● Entries shown

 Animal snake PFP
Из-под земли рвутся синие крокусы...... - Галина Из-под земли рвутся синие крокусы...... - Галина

* * *

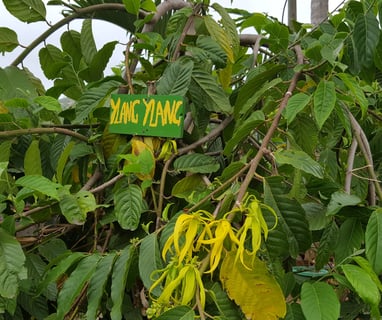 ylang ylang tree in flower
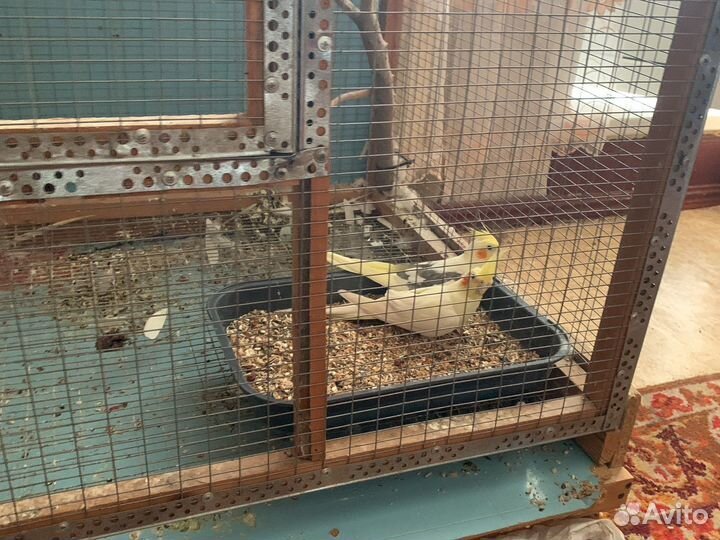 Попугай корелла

● Exercise objective
As listed above, the lines from the line with "Animal snake PFP" to the line with "Из-под земли рвутся синие крокусы...... - Галина Из-под" are to be echoed exactly, with both ends included and nothing added.

● Exercise output
 Animal snake PFP
Из-под земли рвутся синие крокусы...... - Галина Из-под земли рвутся синие крокусы...... - Галина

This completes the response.